Jakarta (parade.id)- Di saat elit politik sibuk dengan dinamika kekuasaan, Intan, seorang Pekerja Rumah Tangga (PRT), harus menjalani hidup bak di neraka. Ia dipaksa meminum air kloset, memakan kotoran anjing, hingga kepalanya dibenturkan ke dinding.
Kasus Intan menjadi tamparan keras bagi Dewan Perwakilan Rakyat (DPR) dan Pemerintah yang hingga kini, setelah 21 tahun, masih membiarkan Rancangan Undang-Undang Perlindungan Pekerja Rumah Tangga (RUU PPRT) terkatung-katung.

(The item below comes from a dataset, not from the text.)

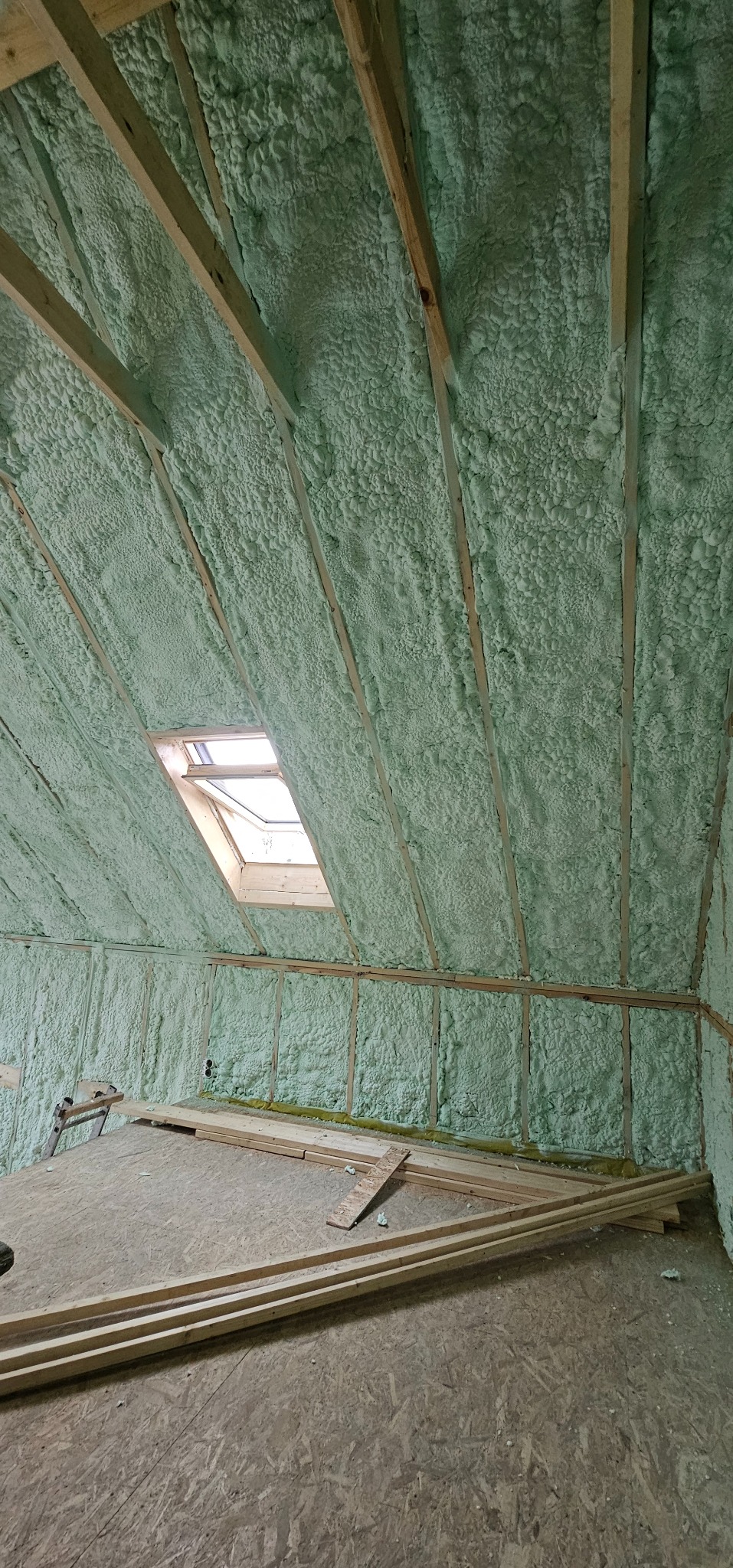 Poddasze z oknem dachowym, ocieplone pianką PUR w kolorze jasnozielonym, widoczne drewniane krokwie i elementy konstrukcyjne.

Koordinator Nasional Koalisi Masyarakat Sipil untuk UU PPRT, Lita Anggraini, menegaskan bahwa vonis terhadap penyiksa Intan memang pantas, namun hal itu tidak menyelesaikan akar masalah. Tanpa payung hukum, negara secara tidak langsung melanggengkan praktik perbudakan modern.
“Kasus Intan adalah potret buram perbudakan modern terhadap PRT. Situasi ini sudah banyak memakan korban, tapi negara belum juga hadir untuk PRT,” ujar Lita dalam keterangannya, Rabu (10/12/2025).

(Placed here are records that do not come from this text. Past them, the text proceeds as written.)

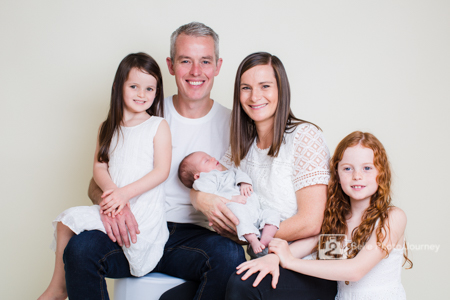 Family of five portrait with newborn baby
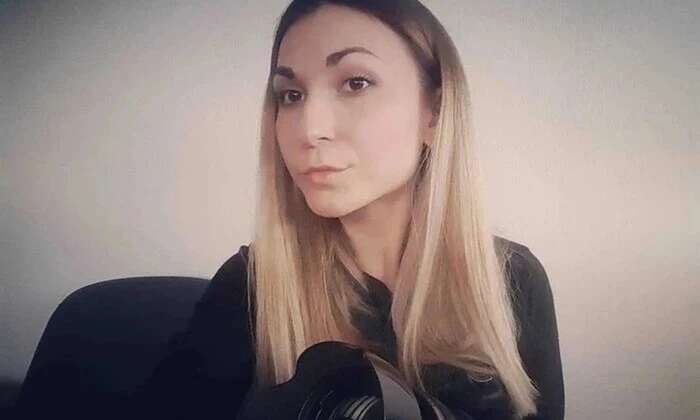 Girl in a red dress with a medal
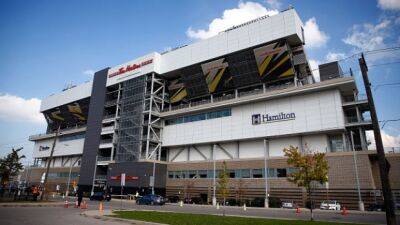 CFL strike blog: Ticats players gather outside Tim Hortons Field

Kondisi Intan yang tak diberi upah, selalu disalahkan, dan disiksa secara keji adalah konsekuensi nyata dari ketiadaan perlindungan hukum yang spesifik bagi jutaan PRT di Indonesia.
Kritik tajam diarahkan pada inkonsistensi janji pejabat negara. Lita mengingatkan publik pada janji Presiden Prabowo dan pimpinan DPR pada 1 Mei lalu. Kala itu, mereka berkomitmen mengesahkan RUU PPRT dalam kurun waktu tiga bulan.

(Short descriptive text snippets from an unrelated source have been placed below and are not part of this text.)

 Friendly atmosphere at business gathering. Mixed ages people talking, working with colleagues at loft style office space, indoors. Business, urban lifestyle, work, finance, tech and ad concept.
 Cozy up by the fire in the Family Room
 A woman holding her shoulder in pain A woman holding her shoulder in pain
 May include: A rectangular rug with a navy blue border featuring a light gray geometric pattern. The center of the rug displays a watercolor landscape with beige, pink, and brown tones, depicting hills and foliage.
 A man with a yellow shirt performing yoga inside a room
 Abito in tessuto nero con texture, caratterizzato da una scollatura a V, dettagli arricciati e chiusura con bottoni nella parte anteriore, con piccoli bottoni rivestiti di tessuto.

Namun, hingga Desember 2025—jauh melampaui tenggat waktu yang dijanjikan—RUU tersebut tak kunjung disahkan.
Janji: Pengesahan dalam 3 bulan (sejak Mei 2025). Namun realitanya: hingga Desember 2025, pembahasan masih macet—hambatan diduga masih ada satu pimpinan DPR yang menahan pembahasan tersebut.
“Bagaimana sikap Pimpinan DPR yang lain?” tanya Lita retoris, menyentil kolektif kolegial pimpinan dewan yang seolah tak berdaya menghadapi hambatan internal tersebut.
Di peringatan Hari Hak Asasi Manusia (HAM) tahun 2025 ini, Koalisi Masyarakat Sipil mendesak agar RUU PPRT segera disahkan sebagai bukti bahwa PRT adalah manusia yang memiliki hak asasi, bukan sekadar penopang ekonomi yang bisa dipinggirkan.
Penundaan berlarut-larut ini dinilai bukan lagi sekadar masalah administrasi legislasi, melainkan indikator keberpihakan negara.
“Pengesahan RUU PPRT akan menjadi bukti bahwa negara hadir dan bukan menjadi agen perbudakan modern,” pungkas Lita.